According to the findings, the total sugar content was significantly different (P≤0.05) for each sample (Table 2). The highest level of sugars (g/100 g sample?) was found in T2 (5.1±2.7) versus the control, which had the least amount of total sugar (2.9±1.6). For all samples, sucrose was the predominant sugar, while fructose was absent in the control (Table 2).
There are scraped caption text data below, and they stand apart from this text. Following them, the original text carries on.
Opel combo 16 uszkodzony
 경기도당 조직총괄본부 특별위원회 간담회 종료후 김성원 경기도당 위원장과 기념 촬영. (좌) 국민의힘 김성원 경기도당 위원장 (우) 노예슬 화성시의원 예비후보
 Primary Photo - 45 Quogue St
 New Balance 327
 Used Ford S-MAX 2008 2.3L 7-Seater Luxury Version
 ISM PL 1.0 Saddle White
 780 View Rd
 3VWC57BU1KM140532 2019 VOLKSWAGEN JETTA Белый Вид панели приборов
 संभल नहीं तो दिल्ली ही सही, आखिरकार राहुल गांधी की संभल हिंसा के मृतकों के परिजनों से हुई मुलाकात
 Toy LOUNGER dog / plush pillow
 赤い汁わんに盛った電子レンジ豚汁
According to our results T2 had significantly (P≤0.05) higher amounts of glucose and fructose than the control and T1. The control and T1 had equal amounts of glucose.

Table 2. D-Glucose, Sucrose and D-Fructose Contents of Complementary Foods.

  Sugar Concentration (g/100 g sample)
Sample D-Glucose Sucrose D-Fructose Total Sugars
Control 0.1±0.03a 2.8±0.1a 0.0±0.0a 2.9±1.6a
Treatment1 0.1±0.03a 4.2±0.3b 0.1±0.02b 4.4±2.4b
Treatment2 0.2±0.1b 4.8±0.3b 0.2±0.04c 5.1±2.7c

Numbers in each column with the same letters are not significantly different from each other

4. Discussion

4.1. Line Spread Measures

Lower line spread values reflect more viscous products whereas higher mean values reflect less viscous products. Based on the results of the current study, at 45°C, the control and Treatment 1 samples had viscosities within the range recommended for infant and young child feeding (1 to 3 Pascal-Second) [17]. The viscosity at 45°C was of interest because it is the temperature at which viscosity measurements for complementary foods are taken [46].

Studies show that complementary foods prepared from cereals alone always have a high viscosity unless modified by substitution with less starchy foods, extrusion, fermentation or enzymatic action [5,7,47]. Orange-fleshed sweet potato flour and maize flour have approximately the same starch content, starch particle size and amylose content [48-50]. However, according to [5,51], sweet potato-based formulations have lower starch content and higher sugar content, and therefore a lower apparent viscosity at 45ºC.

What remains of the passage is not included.